Tetralogy of Fallot (TOF)
- TOF is the most common cyanotic congenital heart disorder
- The prevalence of TOF is 3-6 per 10,000.
- TOF accounts for 10% of all congenital defects.
- TOF is also the most common cyanotic heart defect that survives to adulthood.
TOF Etiology
- Believed to be caused by abnormalities in the separation of the truncus arteriosus into the aorta and pulmonary arteries that occur in early gestation.
TOF Features
- The four features include ventricular septal defect (VSD), pulmonary stenosis, right ventricular hypertrophy, and the aorta overriding the VSD.

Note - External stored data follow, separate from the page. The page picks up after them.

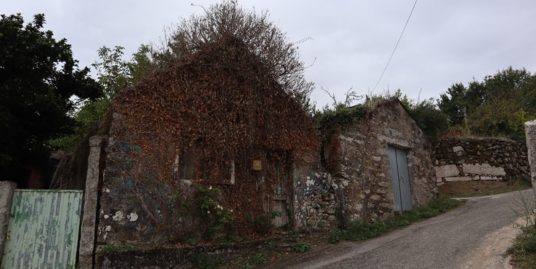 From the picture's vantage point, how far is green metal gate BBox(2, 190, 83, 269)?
5746mm

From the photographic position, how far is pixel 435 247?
21.5 feet

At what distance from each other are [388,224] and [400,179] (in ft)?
Answer: 6.19

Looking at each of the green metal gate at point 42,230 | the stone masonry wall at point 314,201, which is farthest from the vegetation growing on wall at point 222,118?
the green metal gate at point 42,230

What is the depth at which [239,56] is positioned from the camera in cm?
816

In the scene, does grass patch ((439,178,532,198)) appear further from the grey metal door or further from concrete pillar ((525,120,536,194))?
concrete pillar ((525,120,536,194))

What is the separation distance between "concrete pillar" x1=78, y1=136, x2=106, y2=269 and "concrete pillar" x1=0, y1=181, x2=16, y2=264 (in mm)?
996

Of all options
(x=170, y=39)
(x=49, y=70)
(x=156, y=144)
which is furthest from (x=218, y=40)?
(x=49, y=70)

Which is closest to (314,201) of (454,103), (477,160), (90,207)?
(90,207)

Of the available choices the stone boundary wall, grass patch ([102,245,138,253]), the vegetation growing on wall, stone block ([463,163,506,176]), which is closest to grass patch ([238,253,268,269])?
the vegetation growing on wall

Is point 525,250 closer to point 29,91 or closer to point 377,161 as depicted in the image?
point 377,161

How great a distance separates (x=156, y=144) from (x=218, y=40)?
2568 millimetres

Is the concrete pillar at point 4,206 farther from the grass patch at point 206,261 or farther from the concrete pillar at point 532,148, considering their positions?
the concrete pillar at point 532,148

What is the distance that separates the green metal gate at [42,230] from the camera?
5.75 m

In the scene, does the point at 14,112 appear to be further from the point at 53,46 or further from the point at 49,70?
the point at 53,46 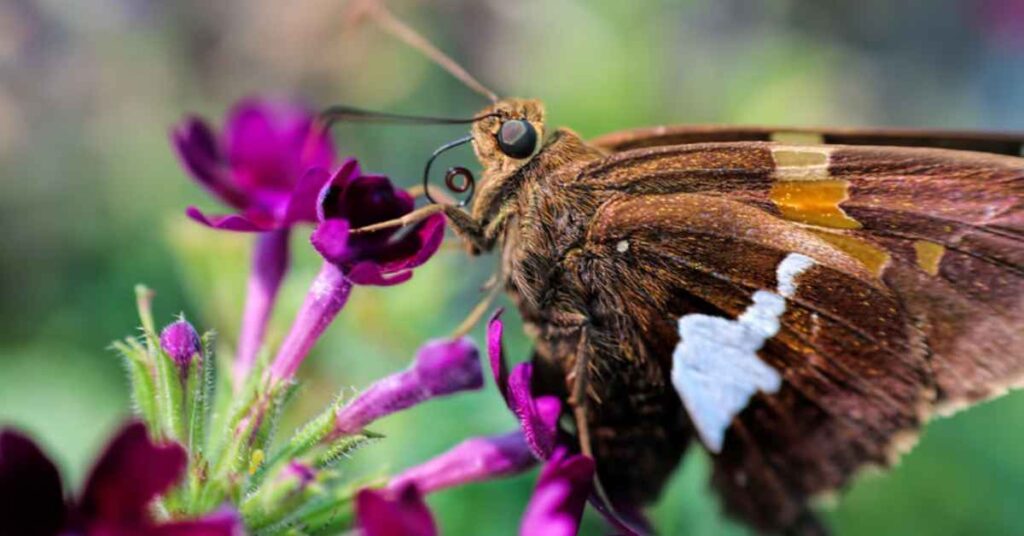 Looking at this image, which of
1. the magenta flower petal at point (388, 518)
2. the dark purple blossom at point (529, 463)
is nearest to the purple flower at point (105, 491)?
the magenta flower petal at point (388, 518)

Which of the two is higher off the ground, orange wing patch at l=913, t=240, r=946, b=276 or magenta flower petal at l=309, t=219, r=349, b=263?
magenta flower petal at l=309, t=219, r=349, b=263

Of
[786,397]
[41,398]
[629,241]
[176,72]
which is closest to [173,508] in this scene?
[629,241]

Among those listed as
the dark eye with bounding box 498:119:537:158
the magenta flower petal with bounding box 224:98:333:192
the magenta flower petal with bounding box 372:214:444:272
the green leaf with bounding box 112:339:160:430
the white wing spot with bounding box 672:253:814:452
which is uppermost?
the magenta flower petal with bounding box 224:98:333:192

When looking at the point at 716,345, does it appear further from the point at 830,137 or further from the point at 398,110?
the point at 398,110

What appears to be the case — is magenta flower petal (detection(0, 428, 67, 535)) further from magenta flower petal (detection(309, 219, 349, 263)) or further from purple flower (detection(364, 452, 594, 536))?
magenta flower petal (detection(309, 219, 349, 263))

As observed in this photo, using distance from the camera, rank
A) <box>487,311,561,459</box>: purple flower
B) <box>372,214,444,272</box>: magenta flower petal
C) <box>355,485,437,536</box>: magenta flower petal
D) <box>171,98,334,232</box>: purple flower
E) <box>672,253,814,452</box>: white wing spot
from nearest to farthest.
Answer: <box>355,485,437,536</box>: magenta flower petal → <box>487,311,561,459</box>: purple flower → <box>372,214,444,272</box>: magenta flower petal → <box>672,253,814,452</box>: white wing spot → <box>171,98,334,232</box>: purple flower

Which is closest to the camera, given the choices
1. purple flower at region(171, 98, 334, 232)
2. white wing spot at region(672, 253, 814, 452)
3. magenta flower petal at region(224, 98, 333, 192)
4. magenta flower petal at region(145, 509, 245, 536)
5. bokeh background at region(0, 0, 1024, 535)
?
magenta flower petal at region(145, 509, 245, 536)

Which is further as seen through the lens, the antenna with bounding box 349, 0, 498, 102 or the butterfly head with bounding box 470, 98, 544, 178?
the antenna with bounding box 349, 0, 498, 102

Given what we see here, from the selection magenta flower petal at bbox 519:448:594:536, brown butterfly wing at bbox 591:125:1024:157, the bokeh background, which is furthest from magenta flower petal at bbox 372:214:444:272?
the bokeh background

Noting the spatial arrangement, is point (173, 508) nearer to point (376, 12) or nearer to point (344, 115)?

- Some children may also have an atrial septal defect constituting a pentad of Fallot.
TOF Presentation
- Severity of illness is related to the degree of pulmonary stenosis.
- Infants may initially be acyanotic, presenting only with a murmur indicative of pulmonary stenosis.
- Gradual cyanosis develops (particularly following closure of the ductus arteriosus) due to reduced pulmonary blood flow and a right-to-left shunt across the VSD.
- The child becomes restless and agitated during a hypoxic spell- crying inconsolably.
- Toddlers may squat in order to increase peripheral vascular resistance while decreasing the amount of right to left shunting.
- Additional signs and symptoms include difficulty in feeding, failure to thrive, and clubbing.
- Adult patients are often asymptomatic.
- Cyanosis is common in unoperated adult patients, however extreme cyanosis is uncommon.
- Repaired patients symptoms tend to include: exertional dyspnoea, palpitations, RV failure, syncope, and sudden death.
TOF Investigations
- ECG shows RV hypertrophy with a right bundle-branch block.
- CXR may be normal, or show the hallmark of TOF, the classic boot-shaped heart.
- Echocardiography shows the anatomy and stenosis.
- Cardiac CT and cardiac MRI gives vital information for surgery.
TOF Management
- Give O2.
- Place the child in knee-chest position.
- Morphine can sedate the child as well as relaxing the pulmonary outflow.
- Long-term B-blockers may be needed.
- Give endocarditis prophylaxis only if recommended by a microbiologist.
- Without surgery, mortality rate is ~95% by age 20.
- Surgery is usually done before 1 year of age, with closure of the VSD and correction of the pulmonary stenosis.
- Following surgical repait 20-year survival is ~90-95%.